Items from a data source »

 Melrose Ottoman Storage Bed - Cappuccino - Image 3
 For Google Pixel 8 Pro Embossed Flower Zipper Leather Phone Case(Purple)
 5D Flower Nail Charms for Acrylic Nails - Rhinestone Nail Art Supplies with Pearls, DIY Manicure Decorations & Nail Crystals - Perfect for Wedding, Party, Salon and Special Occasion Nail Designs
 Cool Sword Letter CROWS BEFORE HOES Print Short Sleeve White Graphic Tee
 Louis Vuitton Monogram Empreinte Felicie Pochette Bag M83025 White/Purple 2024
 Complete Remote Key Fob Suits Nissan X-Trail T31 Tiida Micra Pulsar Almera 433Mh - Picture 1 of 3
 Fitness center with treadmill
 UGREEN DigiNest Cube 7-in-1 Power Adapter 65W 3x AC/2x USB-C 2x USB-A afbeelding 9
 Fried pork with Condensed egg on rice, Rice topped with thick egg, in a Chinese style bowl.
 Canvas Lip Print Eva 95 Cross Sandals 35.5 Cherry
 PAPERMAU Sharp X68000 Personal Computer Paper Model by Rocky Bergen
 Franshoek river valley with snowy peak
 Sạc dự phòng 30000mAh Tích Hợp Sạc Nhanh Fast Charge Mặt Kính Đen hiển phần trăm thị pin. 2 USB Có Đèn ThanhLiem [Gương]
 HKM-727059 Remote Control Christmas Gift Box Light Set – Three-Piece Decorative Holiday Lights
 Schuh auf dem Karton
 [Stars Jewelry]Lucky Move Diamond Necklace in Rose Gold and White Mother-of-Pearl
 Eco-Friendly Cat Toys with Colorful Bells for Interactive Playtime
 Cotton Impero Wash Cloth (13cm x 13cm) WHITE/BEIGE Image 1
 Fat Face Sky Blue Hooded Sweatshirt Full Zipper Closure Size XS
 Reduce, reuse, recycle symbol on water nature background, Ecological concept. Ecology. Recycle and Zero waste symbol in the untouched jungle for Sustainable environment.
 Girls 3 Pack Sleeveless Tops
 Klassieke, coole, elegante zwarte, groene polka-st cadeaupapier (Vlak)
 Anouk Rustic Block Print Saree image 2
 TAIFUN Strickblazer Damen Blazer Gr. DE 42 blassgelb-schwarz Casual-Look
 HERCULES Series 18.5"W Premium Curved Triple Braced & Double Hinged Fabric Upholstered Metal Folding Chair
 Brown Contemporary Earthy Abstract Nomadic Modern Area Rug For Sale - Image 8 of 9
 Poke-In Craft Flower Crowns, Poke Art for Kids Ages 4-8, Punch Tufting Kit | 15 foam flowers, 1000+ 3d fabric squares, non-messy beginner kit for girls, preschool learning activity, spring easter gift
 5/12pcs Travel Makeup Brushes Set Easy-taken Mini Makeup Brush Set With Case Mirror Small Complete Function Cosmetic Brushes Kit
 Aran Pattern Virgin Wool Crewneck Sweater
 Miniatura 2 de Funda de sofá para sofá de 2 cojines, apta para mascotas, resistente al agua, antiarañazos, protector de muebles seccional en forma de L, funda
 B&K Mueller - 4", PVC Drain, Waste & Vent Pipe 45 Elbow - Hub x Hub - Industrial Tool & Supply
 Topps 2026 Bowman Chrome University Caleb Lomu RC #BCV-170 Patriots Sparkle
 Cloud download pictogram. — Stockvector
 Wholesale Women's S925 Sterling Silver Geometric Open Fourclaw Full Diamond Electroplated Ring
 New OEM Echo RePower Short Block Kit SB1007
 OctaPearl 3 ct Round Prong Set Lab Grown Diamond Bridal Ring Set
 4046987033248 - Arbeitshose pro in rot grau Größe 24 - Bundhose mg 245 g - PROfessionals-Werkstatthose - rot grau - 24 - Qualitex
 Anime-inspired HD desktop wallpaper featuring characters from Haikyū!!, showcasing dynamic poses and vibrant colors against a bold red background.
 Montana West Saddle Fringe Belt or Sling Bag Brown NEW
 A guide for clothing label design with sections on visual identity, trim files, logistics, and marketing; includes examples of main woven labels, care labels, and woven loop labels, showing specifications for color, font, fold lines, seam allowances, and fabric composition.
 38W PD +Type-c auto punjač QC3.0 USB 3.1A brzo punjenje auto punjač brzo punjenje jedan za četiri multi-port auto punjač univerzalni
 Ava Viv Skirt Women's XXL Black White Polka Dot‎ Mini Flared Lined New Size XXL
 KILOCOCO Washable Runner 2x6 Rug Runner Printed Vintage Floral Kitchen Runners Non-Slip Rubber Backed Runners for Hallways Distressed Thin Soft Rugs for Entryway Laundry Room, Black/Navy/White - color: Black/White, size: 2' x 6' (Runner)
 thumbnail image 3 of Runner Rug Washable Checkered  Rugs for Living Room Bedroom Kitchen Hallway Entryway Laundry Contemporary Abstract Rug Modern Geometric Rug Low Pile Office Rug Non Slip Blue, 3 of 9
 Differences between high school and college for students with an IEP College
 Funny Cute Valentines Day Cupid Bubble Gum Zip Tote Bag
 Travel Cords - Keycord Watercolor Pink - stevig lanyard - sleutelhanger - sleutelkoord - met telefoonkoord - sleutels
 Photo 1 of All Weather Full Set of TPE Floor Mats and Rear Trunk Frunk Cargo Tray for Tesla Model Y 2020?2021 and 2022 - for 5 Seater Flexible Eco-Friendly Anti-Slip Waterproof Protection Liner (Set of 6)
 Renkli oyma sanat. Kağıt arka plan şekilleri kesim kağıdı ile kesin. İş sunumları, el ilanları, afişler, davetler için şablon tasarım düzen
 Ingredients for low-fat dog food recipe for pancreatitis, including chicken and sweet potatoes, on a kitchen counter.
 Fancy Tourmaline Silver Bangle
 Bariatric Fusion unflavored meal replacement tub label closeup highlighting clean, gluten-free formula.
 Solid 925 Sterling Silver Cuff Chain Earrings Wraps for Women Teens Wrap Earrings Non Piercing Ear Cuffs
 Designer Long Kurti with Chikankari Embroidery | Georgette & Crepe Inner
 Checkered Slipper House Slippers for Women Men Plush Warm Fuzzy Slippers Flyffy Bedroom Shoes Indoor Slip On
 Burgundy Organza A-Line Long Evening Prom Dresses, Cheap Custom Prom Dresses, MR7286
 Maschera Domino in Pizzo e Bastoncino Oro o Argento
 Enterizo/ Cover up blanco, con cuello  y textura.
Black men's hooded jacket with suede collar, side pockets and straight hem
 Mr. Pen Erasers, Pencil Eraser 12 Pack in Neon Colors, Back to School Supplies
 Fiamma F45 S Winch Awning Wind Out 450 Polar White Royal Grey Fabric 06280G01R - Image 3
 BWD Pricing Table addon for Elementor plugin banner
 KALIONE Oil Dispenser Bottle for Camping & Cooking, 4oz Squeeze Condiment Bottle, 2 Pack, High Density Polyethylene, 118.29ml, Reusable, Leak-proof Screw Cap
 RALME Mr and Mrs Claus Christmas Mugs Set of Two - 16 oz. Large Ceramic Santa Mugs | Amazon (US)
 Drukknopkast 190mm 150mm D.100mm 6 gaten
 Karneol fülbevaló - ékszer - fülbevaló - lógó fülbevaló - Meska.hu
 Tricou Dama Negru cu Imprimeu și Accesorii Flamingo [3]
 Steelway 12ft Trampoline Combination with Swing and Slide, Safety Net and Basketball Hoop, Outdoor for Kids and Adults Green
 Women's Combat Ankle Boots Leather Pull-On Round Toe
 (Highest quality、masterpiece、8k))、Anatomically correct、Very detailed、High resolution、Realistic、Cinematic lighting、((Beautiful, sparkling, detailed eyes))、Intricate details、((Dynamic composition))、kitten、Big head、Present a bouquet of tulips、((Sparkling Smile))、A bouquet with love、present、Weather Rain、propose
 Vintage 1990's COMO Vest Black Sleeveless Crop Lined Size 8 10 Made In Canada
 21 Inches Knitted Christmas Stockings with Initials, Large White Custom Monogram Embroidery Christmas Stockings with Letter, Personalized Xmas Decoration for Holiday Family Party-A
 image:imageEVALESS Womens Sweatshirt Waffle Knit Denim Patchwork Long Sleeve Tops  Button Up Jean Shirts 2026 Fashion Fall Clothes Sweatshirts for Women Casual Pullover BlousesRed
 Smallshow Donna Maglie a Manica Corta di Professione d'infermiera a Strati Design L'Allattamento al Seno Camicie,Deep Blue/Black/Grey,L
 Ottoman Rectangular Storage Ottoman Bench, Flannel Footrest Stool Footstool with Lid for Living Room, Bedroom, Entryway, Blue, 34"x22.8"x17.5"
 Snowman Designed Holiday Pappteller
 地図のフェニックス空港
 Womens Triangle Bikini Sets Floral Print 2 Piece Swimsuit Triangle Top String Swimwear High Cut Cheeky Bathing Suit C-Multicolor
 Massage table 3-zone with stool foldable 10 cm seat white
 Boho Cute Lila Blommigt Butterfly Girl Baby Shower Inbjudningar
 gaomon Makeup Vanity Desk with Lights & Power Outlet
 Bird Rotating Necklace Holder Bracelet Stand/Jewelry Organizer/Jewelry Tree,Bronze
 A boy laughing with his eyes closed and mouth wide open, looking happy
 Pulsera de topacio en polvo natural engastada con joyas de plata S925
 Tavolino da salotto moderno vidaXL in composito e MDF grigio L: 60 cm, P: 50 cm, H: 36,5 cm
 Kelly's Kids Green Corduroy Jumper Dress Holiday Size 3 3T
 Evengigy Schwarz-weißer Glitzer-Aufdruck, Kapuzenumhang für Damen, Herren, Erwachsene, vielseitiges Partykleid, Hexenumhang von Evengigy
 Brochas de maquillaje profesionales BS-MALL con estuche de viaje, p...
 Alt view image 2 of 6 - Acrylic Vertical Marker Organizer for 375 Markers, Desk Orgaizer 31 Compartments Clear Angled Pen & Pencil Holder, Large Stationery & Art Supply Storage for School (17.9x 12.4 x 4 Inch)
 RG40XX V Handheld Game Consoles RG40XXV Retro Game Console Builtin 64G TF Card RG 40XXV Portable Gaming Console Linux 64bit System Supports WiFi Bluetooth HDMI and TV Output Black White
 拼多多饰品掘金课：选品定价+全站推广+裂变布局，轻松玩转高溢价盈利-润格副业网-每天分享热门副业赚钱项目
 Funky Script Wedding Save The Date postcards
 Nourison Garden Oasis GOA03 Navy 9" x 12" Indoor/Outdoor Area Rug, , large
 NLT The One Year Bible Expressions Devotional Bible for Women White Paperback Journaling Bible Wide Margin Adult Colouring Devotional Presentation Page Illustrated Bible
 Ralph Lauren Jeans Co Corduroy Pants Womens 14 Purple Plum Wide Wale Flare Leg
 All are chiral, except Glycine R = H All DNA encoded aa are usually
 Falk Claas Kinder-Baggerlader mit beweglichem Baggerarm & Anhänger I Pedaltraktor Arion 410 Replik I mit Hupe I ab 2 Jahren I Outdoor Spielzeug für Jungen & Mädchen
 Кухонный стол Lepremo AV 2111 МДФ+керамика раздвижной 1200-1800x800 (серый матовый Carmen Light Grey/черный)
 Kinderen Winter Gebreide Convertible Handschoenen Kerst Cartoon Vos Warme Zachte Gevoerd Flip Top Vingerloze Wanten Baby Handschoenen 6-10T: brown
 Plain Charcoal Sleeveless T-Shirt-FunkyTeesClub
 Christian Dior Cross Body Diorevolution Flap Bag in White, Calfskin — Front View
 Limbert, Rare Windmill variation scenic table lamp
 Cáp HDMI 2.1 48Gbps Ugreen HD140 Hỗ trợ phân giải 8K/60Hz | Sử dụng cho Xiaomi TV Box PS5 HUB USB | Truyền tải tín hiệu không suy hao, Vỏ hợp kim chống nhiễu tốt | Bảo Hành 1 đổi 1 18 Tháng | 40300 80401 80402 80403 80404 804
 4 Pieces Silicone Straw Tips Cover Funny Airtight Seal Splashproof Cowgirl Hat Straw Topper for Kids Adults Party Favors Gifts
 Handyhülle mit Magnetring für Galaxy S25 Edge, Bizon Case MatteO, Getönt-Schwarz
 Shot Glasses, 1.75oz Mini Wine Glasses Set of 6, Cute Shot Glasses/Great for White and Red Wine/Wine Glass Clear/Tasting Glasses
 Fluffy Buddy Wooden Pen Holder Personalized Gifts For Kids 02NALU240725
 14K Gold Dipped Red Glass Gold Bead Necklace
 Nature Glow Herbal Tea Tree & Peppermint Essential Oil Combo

What the task asks » Up to and including the line with "Fitness center with treadmill", transcribe the entries above exactly, starting from their first line.

Task output »
 Melrose Ottoman Storage Bed - Cappuccino - Image 3
 For Google Pixel 8 Pro Embossed Flower Zipper Leather Phone Case(Purple)
 5D Flower Nail Charms for Acrylic Nails - Rhinestone Nail Art Supplies with Pearls, DIY Manicure Decorations & Nail Crystals - Perfect for Wedding, Party, Salon and Special Occasion Nail Designs
 Cool Sword Letter CROWS BEFORE HOES Print Short Sleeve White Graphic Tee
 Louis Vuitton Monogram Empreinte Felicie Pochette Bag M83025 White/Purple 2024
 Complete Remote Key Fob Suits Nissan X-Trail T31 Tiida Micra Pulsar Almera 433Mh - Picture 1 of 3
 Fitness center with treadmill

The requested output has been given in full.